I am the only estrogen in my house. I have two sons, a husband, and two male rescue dogs. I’ve always prided myself that I am a good “boy mom.” This, in the stereotypical sense, means I can handle video games, sports, and dirt. This illusion came crashing down last summer when I showed my nine-year-old a picture of a professional football player and he asked if he played on a tennis team. He wasn’t joking. And I could no longer kid myself that I was doing a good job being a “boy mom.” I called my husband in a panic and said we needed to get the football package. He told me we had had it for three years. Could this possibly get any worse?
Let me just say that I’m the type of mom who would be thrilled if my boys hated football and loved designing clothes or studying ballet. I really couldn’t care less what floats their boat as long as they don’t do drugs, they stay out of jail, and they are happy.

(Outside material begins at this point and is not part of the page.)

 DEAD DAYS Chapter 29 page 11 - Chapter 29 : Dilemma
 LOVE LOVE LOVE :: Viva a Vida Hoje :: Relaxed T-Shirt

But I felt like maybe I had kept our home too gender neutral. I began to questions that maybe when I thought I was being a good “boy mom” I was really just insulating them from boy things that I found to be boring. What I really needed to do was to bend a little and fully embrace the testosterone coursing through my home.
And when I did something magical happened. My husband and my sons began to communicate in a language I could barely comprehend. For the first time in their lives they had endless topics to discuss that interested them deeply. My sons couldn’t wait to tell my husband when they got a top rated player on their IPad football game (I don’t even know what the heck the game is called). They played Madden on the Xbox together. They watched ESPN like the three amigos while my youngest son searched for weekly highlights online to show to his dad and brother. They talked about Aaron Rodgers, Jordy Nelson, and Tom Brady (for those like me who are sports ignorant they are all football players) as if they were our neighbors not just guys they watched play professional football every Sunday.
So now not only can my children differentiate between Roger Federer and Peyton Manning (tennis player and football player) but they now have this platform with which to engage with their father. And I didn’t have to force or nag them to do it. That alone is worth the price of the cable football package or an annual subscription to Sports Illustrated.